INSTRUCTIONS TO FOLLOW:
Beginning with the line that contains "Women’s fringe vest", output each line below exactly through the last one, both included, and nothing else.

###

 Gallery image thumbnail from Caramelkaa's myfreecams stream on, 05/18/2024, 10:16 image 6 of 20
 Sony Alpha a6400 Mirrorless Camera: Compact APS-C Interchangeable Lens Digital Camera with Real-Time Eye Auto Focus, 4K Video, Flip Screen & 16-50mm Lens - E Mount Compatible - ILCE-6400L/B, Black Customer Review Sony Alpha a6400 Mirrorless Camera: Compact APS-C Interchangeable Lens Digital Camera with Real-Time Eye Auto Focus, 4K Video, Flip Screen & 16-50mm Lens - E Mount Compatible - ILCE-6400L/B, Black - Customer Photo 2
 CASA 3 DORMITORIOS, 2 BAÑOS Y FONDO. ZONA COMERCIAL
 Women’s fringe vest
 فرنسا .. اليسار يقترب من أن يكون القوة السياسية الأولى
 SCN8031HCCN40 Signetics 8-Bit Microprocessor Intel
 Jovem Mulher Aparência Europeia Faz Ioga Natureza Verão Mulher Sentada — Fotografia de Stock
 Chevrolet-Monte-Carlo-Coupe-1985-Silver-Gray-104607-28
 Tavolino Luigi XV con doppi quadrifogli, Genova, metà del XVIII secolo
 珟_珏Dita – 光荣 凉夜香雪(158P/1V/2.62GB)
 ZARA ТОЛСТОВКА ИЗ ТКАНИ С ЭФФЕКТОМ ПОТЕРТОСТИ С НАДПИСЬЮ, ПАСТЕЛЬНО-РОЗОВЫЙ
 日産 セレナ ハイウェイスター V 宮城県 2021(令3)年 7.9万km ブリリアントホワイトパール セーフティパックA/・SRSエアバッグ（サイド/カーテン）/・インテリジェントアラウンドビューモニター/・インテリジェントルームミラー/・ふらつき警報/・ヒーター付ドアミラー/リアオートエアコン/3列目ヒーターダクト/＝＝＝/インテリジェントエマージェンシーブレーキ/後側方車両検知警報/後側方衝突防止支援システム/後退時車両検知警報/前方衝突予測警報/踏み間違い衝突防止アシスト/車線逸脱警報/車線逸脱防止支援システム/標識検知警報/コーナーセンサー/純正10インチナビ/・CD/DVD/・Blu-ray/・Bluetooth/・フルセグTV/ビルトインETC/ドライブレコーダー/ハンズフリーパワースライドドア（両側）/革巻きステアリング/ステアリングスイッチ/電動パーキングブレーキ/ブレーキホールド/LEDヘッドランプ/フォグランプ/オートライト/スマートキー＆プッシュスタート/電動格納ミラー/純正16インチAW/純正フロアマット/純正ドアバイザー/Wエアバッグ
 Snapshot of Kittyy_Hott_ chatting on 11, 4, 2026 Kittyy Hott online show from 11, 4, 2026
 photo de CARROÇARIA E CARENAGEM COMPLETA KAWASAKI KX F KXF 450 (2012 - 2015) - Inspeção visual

###

RESPONSE BOX:
 Women’s fringe vest
 فرنسا .. اليسار يقترب من أن يكون القوة السياسية الأولى
 SCN8031HCCN40 Signetics 8-Bit Microprocessor Intel
 Jovem Mulher Aparência Europeia Faz Ioga Natureza Verão Mulher Sentada — Fotografia de Stock
 Chevrolet-Monte-Carlo-Coupe-1985-Silver-Gray-104607-28
 Tavolino Luigi XV con doppi quadrifogli, Genova, metà del XVIII secolo
 珟_珏Dita – 光荣 凉夜香雪(158P/1V/2.62GB)
 ZARA ТОЛСТОВКА ИЗ ТКАНИ С ЭФФЕКТОМ ПОТЕРТОСТИ С НАДПИСЬЮ, ПАСТЕЛЬНО-РОЗОВЫЙ
 日産 セレナ ハイウェイスター V 宮城県 2021(令3)年 7.9万km ブリリアントホワイトパール セーフティパックA/・SRSエアバッグ（サイド/カーテン）/・インテリジェントアラウンドビューモニター/・インテリジェントルームミラー/・ふらつき警報/・ヒーター付ドアミラー/リアオートエアコン/3列目ヒーターダクト/＝＝＝/インテリジェントエマージェンシーブレーキ/後側方車両検知警報/後側方衝突防止支援システム/後退時車両検知警報/前方衝突予測警報/踏み間違い衝突防止アシスト/車線逸脱警報/車線逸脱防止支援システム/標識検知警報/コーナーセンサー/純正10インチナビ/・CD/DVD/・Blu-ray/・Bluetooth/・フルセグTV/ビルトインETC/ドライブレコーダー/ハンズフリーパワースライドドア（両側）/革巻きステアリング/ステアリングスイッチ/電動パーキングブレーキ/ブレーキホールド/LEDヘッドランプ/フォグランプ/オートライト/スマートキー＆プッシュスタート/電動格納ミラー/純正16インチAW/純正フロアマット/純正ドアバイザー/Wエアバッグ
 Snapshot of Kittyy_Hott_ chatting on 11, 4, 2026 Kittyy Hott online show from 11, 4, 2026
 photo de CARROÇARIA E CARENAGEM COMPLETA KAWASAKI KX F KXF 450 (2012 - 2015) - Inspeção visual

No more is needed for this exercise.